Then a thought struck her with great clarity. Words alone were insufficient, she could see that now. He had been presentedwith damning evidence in the form of Annabelle’s response letter, the one Lady Catherine had intercepted. Without context, without seeing what had prompted Elizabeth’s compassion, how could he possibly understand?
“Wait,” she said, urgency flooding through her. “There is something more convincing than merely my words.”
She fled down the corridor to her chambers, retrieving Annabelle’s first letter from the drawer where she had stored it. The pages felt fragile in her grasp as she hurried back to the study.
She knelt by the door and slide the pages through the gap beneath it. “This is the letter I received from Annabelle. The one I responded to. Please, read it and see what I saw. See the desperation that drove my response.”
She heard movement on the other side, the rustle of paper being picked up. Elizabeth waited, scarcely daring to breathe. Minutes passed and her anxiety rose within her.
Would it help or would it only confirm that she was dangerously naive?
Just as she began to fret, she heard the lock turning.
The door opened. Fitzwilliam stood in the threshold, his appearance dishevelled from sleeplessness, his eyes red-rimmed but clear.
And he was smiling. There was no expression of uncertainty she had feared, only pure relief that transformed his entire countenance.
He held both letters in his hands, Annabelle’s original plea and her subsequent response that Lady Catherine had intercepted. Understanding was beginning to dawn in his features.
“These are very different letters. And they corroborate all that you’ve said. Lady Catherine showed me only her reply to you, which, without this context, seemed damning. But reading what prompted your response...I can see why you felt compelled to answer.”

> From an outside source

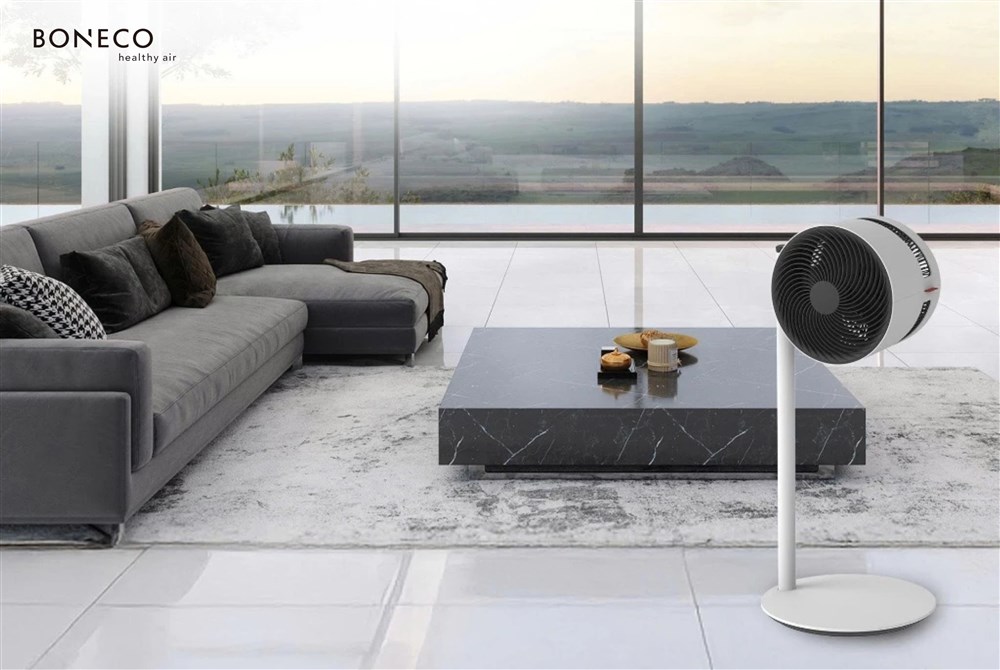 Công nghệ đối lưu khí và khử ẩm giúp căn hộ luôn khô thoáng, dễ chịu trong mùa mưa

Hope surged within her in rising intensity. “Fitzwilliam…”
Darcy wetted his lips, aware what his next words had to be. “I should have asked you directly.” He held out his hand to her, the simple contact after hours of separation feeling precious. “I should have given you an opportunity to explain rather than allowing Lady Catherine to poison my thoughts. I forgive you. More than that, I recognise there is nothing requiring forgiveness save my own stubborn refusal to ask for explanation rather than assuming the worst.”
“But I should have told you immediately when the letter arrived…”
His thumbs traced circles along her palms. “Perhaps. But I should have trusted you enough to seek clarification before condemning you based on incomplete information. I am relieved beyond measure to know you never betrayed me. Your actions stemmed from the very compassion I claim to value, directed towards someone whose suffering merited sympathy in spite of her earlier wrongs.”
“I love you.” He continued, his smile widening. “I love your impossible kindness and your stubborn honesty. You are exactly who I need, Elizabeth. Exactly who I want to spend my life with.”
He kissed her then, deep and thorough and full of the emotion that had been building through their separation. Elizabeth’s hands rose to frame his face with tenderness, to tangle in hair that needed trimming and pull him closer.
The kiss deepened with urgent need, with relief so profound it felt physical and love that had survived doubt and emerged stronger for having been tested. Fitzwilliam’s arms wrapped around her waist, tugging her against him with a force that lifted her slightly off her feet. She clung to him with equal desperation, pouring everything into the contact. All the apology she could not say aloud, and the love she was no longer afraid to mean.
Enthusiastic applause erupted from somewhere down the corridor.
They broke apart, startled to discover her husband’s entire relations gathered at a polite distance. Lord and Lady Matlock, Colonel Fitzwilliam, the viscount and Georgiana, all beamed with satisfaction. Lady Catherine stood slightly apart, her expression complicated but not disapproving.
“We were concerned,” Lord Matlock explained with no shame at having obviously eavesdropped. “When Elizabeth went to speak with you, we thought perhaps moral support might prove necessary.”
“Moral support,” Fitzwilliam repeated dryly. “Is that what we are calling blatant eavesdropping now?”
His uncle’s grin suggested he regretted nothing. “Given the satisfactory resolution, I fail to see cause for complaint.”
Lady Catherine stepped forward, her movements stiff with visible discomfort. She fixed Elizabeth with a look that seemed oddly like respect beneath its habitual severity.
The older woman clutched her skirt’s fabric between her fingers, her knuckles popping white. “I owe you an apology, Mrs Darcy. I misjudged your character and your intentions. I allowed my own prejudices to colour my interpretation of ambiguous evidence. That was... wrong of me.”
Every family member stared at Lady Catherine with expressions ranging from shock to outright disbelief.
“What?” Her tone turned defensive beneath their collective scrutiny.
Lord Matlock recovered first, his voice carrying wonder. “This is the first time in my adult years that I have ever heard you apologise to anyone, Catherine.”
“Well, do not expect this to be a regular occurrence.” Lady Catherine sniffed, then turned and swept from the corridor with as much grace as hasty retreat allowed.
“I will note that she did not apologise for the manner in which she obtained the letters,” Lord Matlock said.